Резной штук (точнее, ганч) не знал, казалось бы, столь
головокружительных перемен. Старый, изведанный путь резьбы ножом по плоскому
зеркалу стены — что мог он дать нового после афрасиабских панелей (IX в.)?
Старое скульптурное понимание рельефа было в них сметено. Дух античной пластики—
еще живой в скульптурном декоре Варахши (VIII в.) — был изгнан окончательно,
хотя отдельные мотивы растительного характера сохранились в их уже новой
трактовке. Афра-сиабские панели связали декоративное искусство Мавераннахра с
самыми выдающимися образцами архитектурного декора на современном им или
несколько более раннем Переднем Востоке. Стилистически они принадлежат новому
времени больше, чем старому. Но геометрические арабески в них почти
отсутствуют. Они еще, быть может, не созрели. Мавзолей Араб-ата (976) говорит
другое: их там больше, чем на панелях с Афрасиаба, и они там более зрелы.
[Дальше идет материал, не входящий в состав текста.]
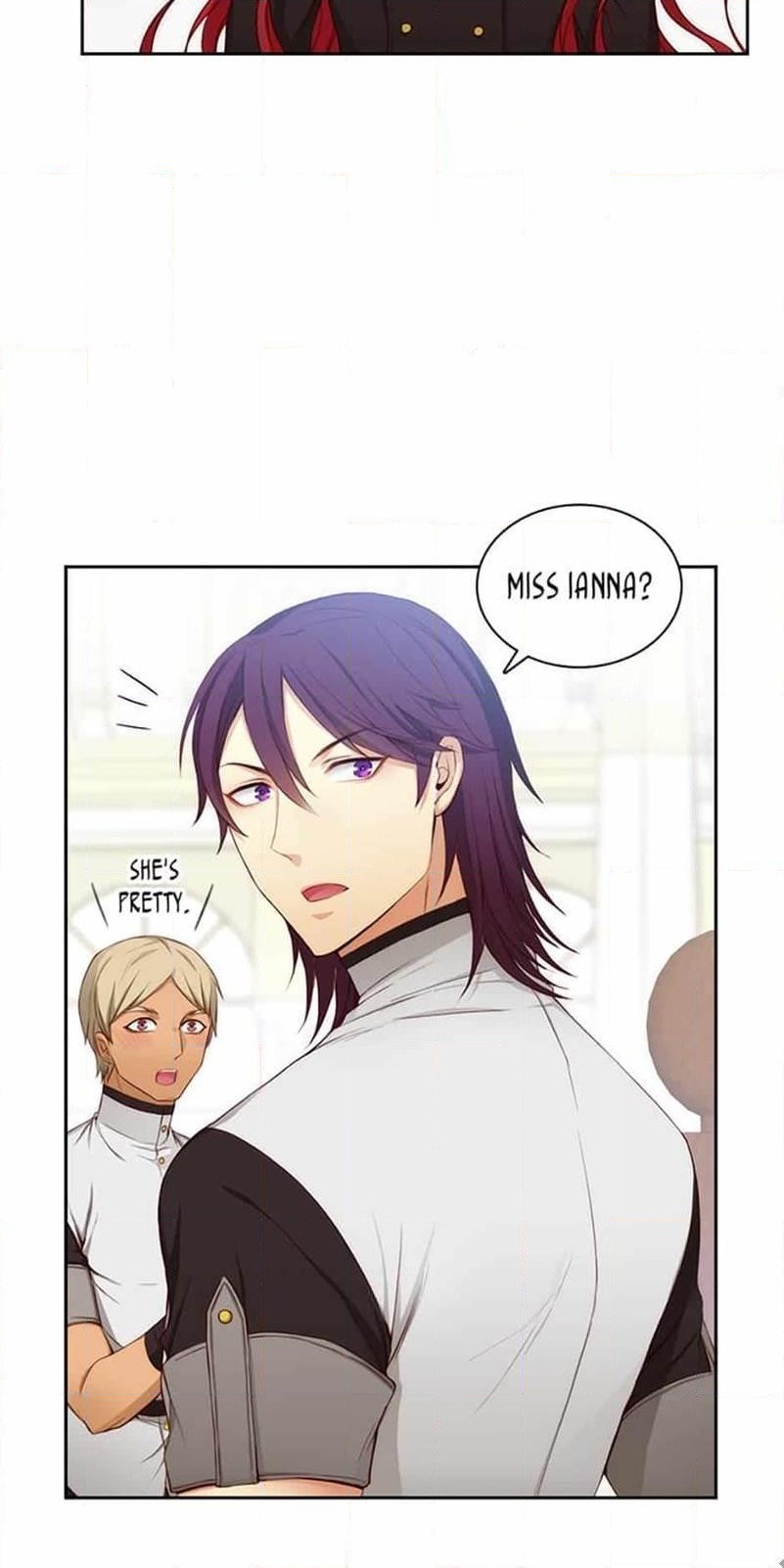 Reminiscence Adonis Chapter 52 page 25 - 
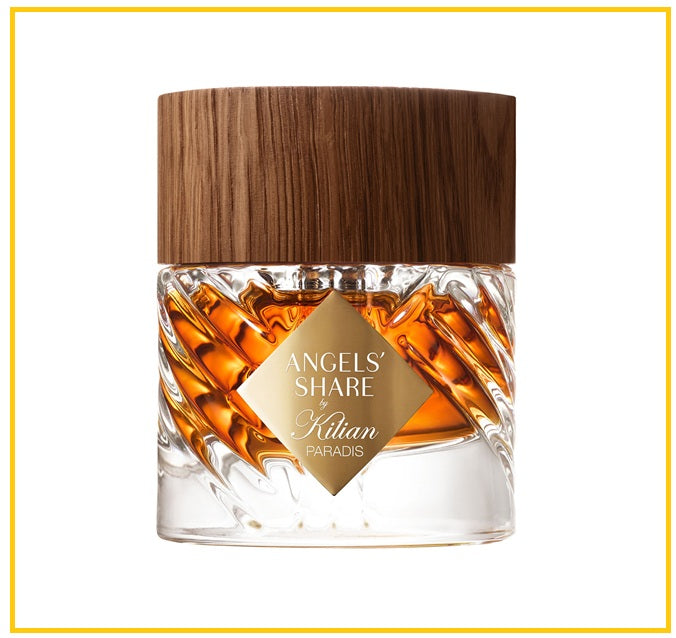 KILIAN 克利安特調系列天使之享極樂版香水 ANGELS SHARE PARADIS EXTRAIT DE PARFUM 50ML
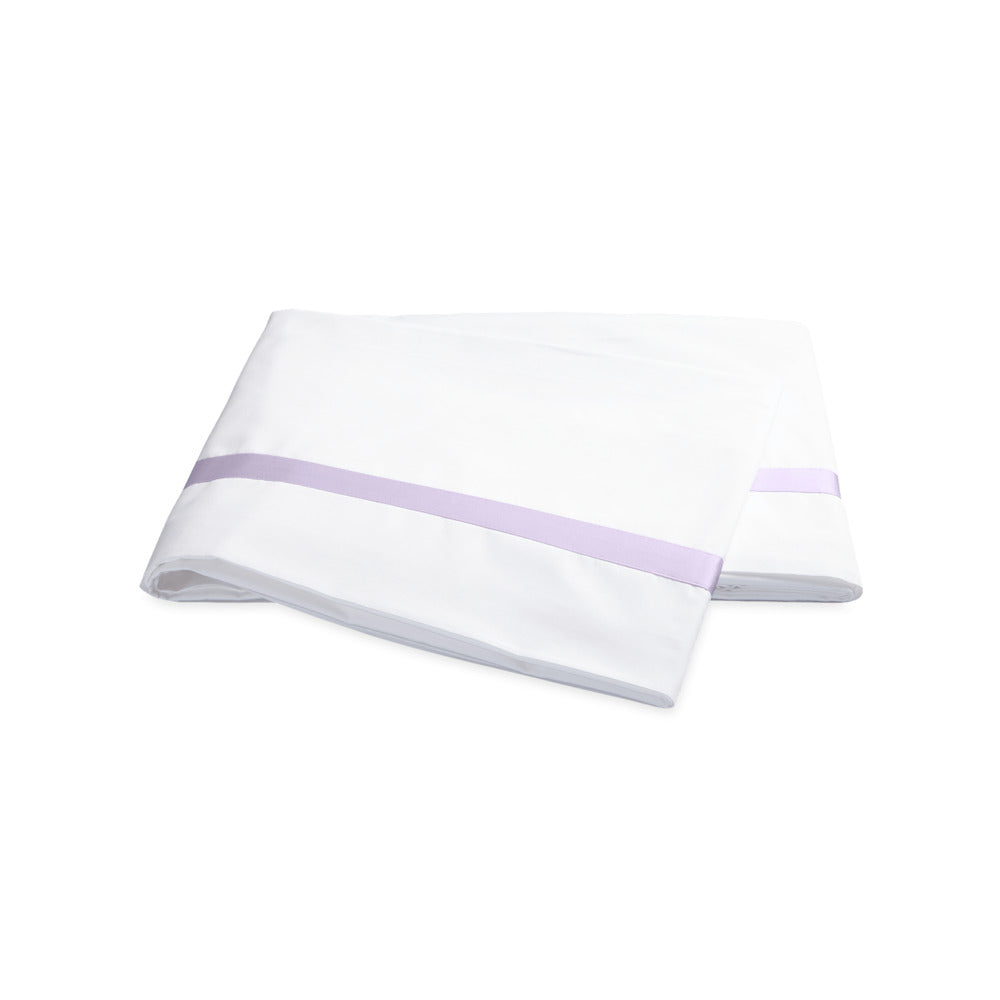 Lowell Flat Sheet Violet 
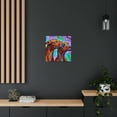 thumbnail image 5 of Rhodesian Ridgeback Reflection - Canvas, 5 of 10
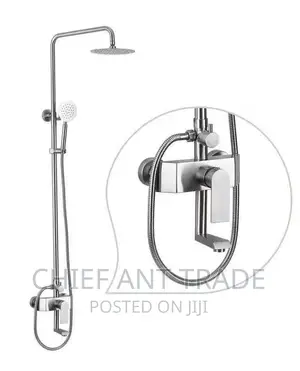 Shower 3 Flow Hot and Cold. 8020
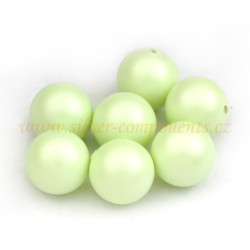 Crystal Pastel Green Pearl 10mm - NEPRŮCHOZÍ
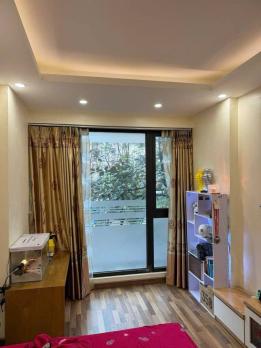 Bán Nhà Mặt Phố Cầu Giấy 45m2-7T Th/Máy 2 THOÁNG 26 Tỷ Trần Đăng Ninh.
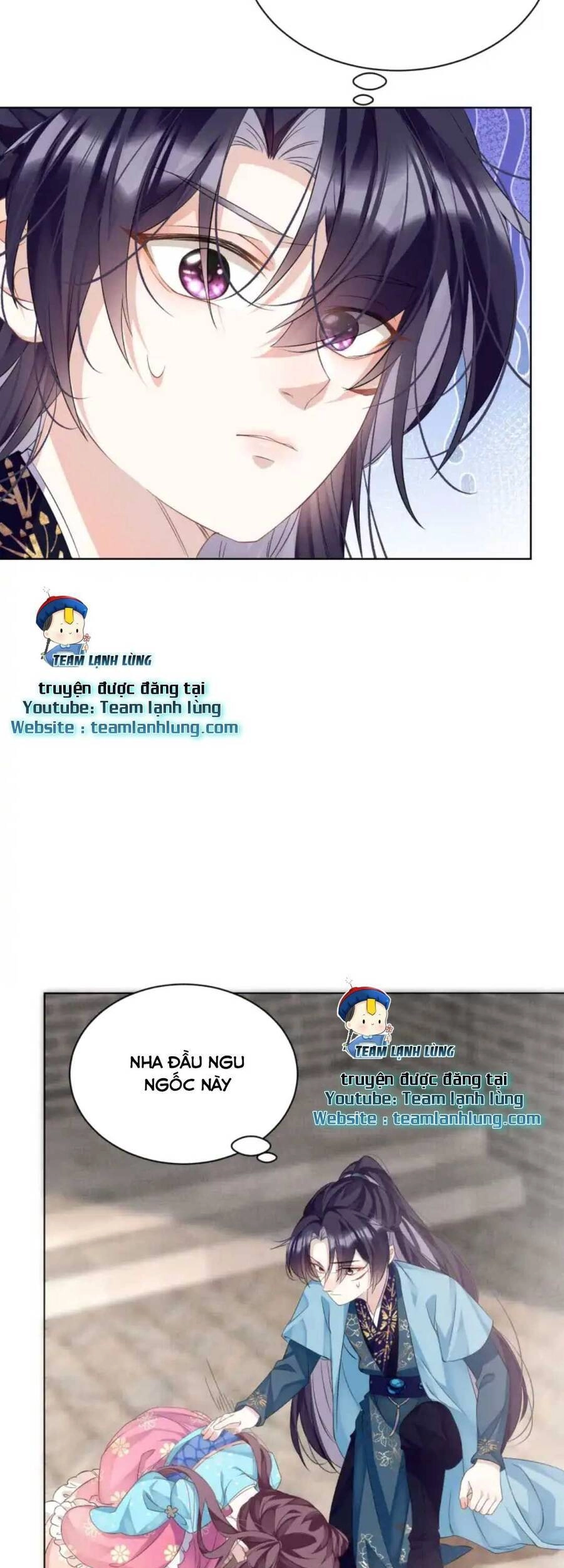 Phương Thức Nuôi Dưỡng Nhân Vật Phản Diện Chapter 2 - 12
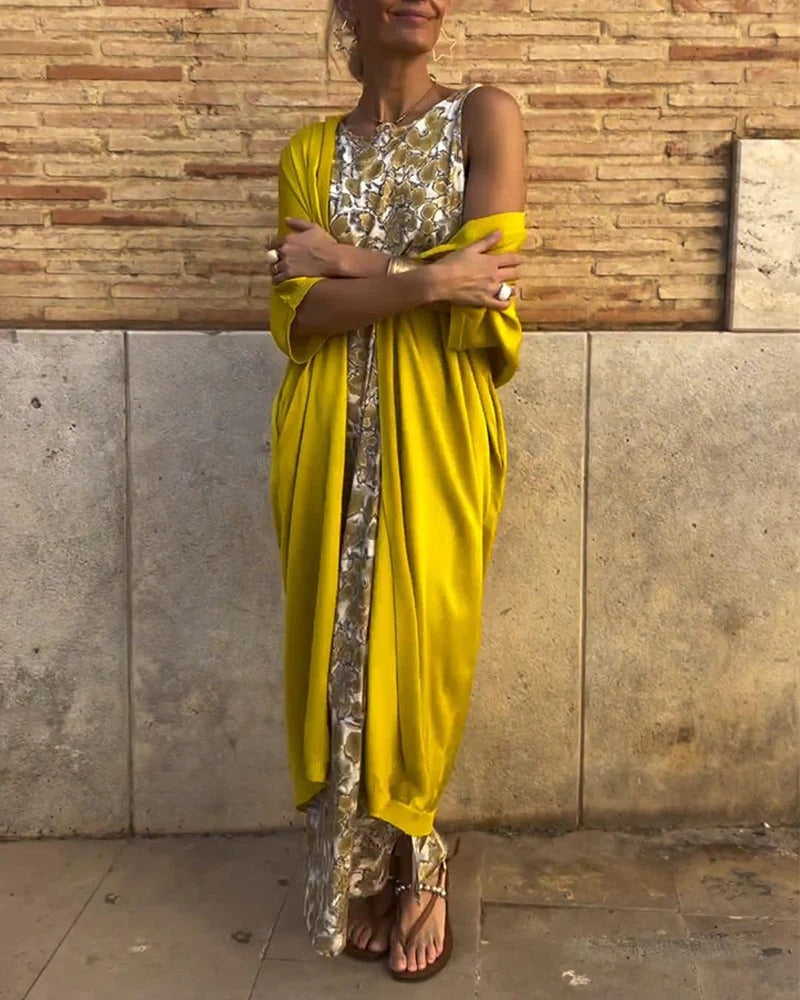 ELVIA - SET DI ABITI ELEGANTI
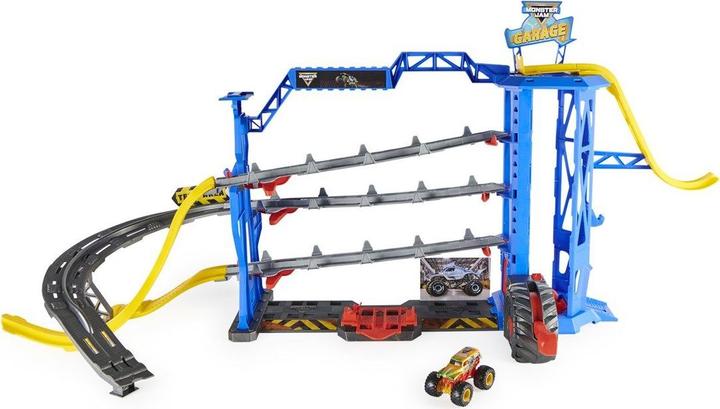 Image du produit Monster Jam Garage
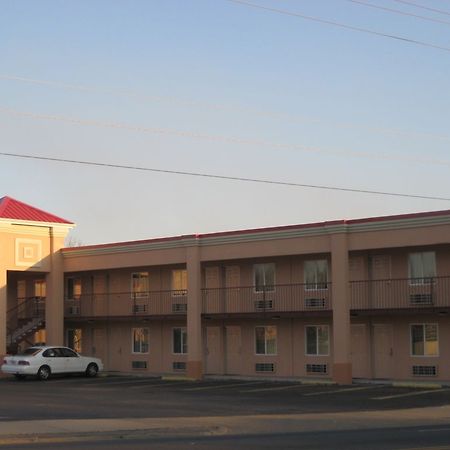Sands Central Inn Hot Springs Exterior foto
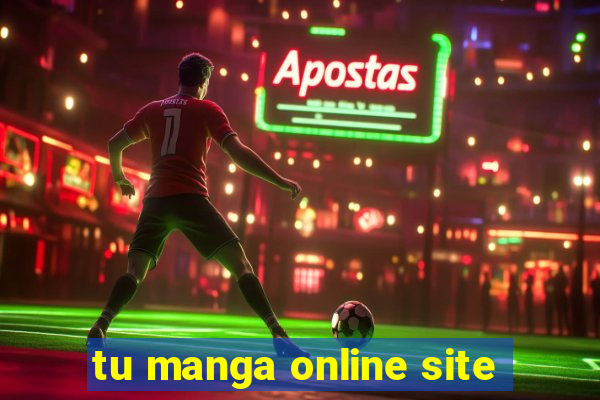 tu manga online site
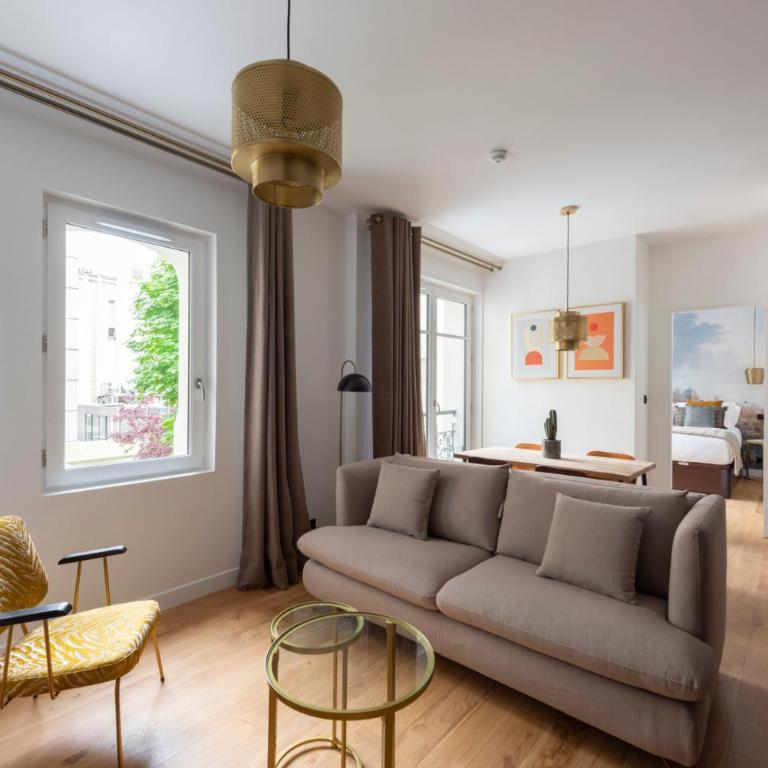 O'Lord, 4 Etoiles, Residence de Luxe Champs-Elysees - Appartement 1 Chambre Parisina - 2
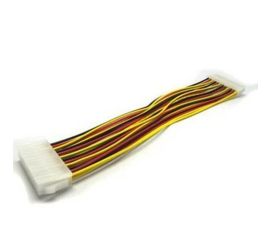 ATX napájecí prodlužovací kabel, ATX 24-pin samice na 20-pin samec, 30 cm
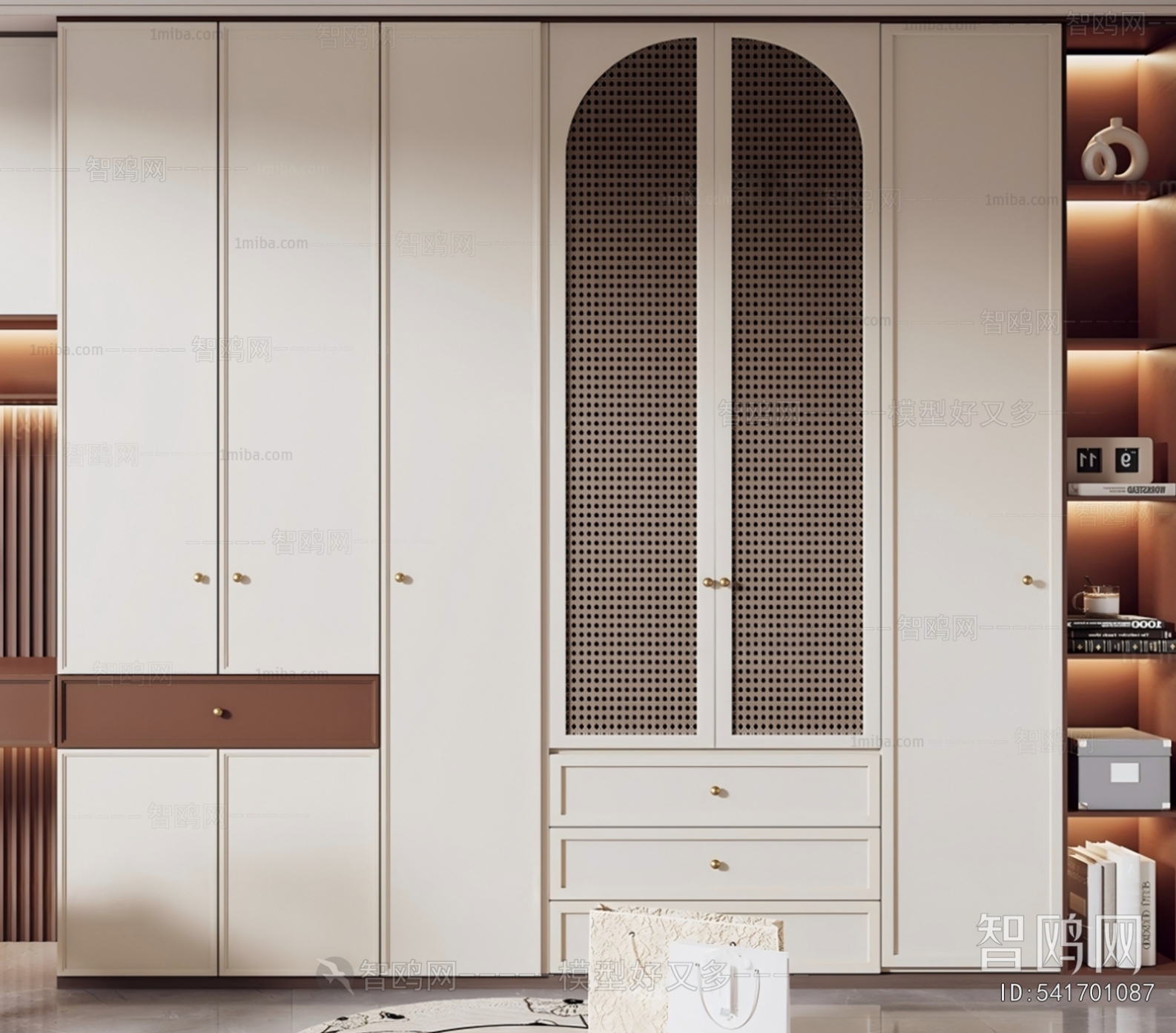 French Style The Wardrobe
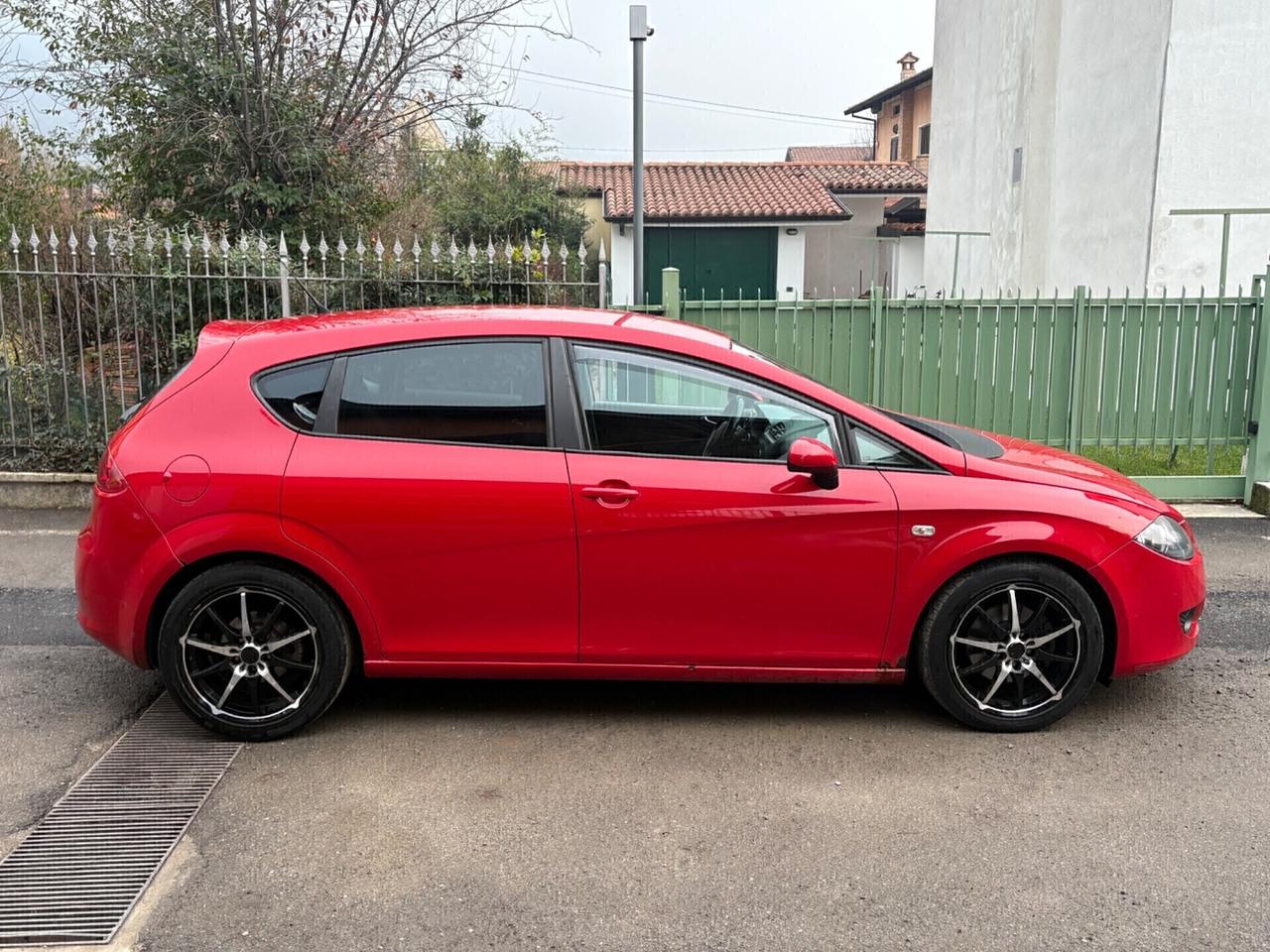 Seat Leon 2.0 TDI DPF Stylance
Причины того нам неясны: то ли не каждый памятник — зеркало века, то лн панели
с Афрасиаба старше, а потому и архаичнее. Так или иначе, но они не дали нам
полной картины развития резного узора нового стиля. Резной штук в Рабати-Малик
(XI в.) тоже архаичен. Но картина меняется, когда мы обратим свой взор на более
поздний памятник — дворец правителей Термеза, где резной ганч составляет такую
же энциклопедию узора XII века, как афрасиабские панели — узора X века.
Геометрические арабески обретают здесь полное господство-, они заставляют
растительный узор следовать «капризу» геометрических линий с полной покорностью
и неукоснительно. Этот диктат геометрии наметился еще в афрасиабских панелях.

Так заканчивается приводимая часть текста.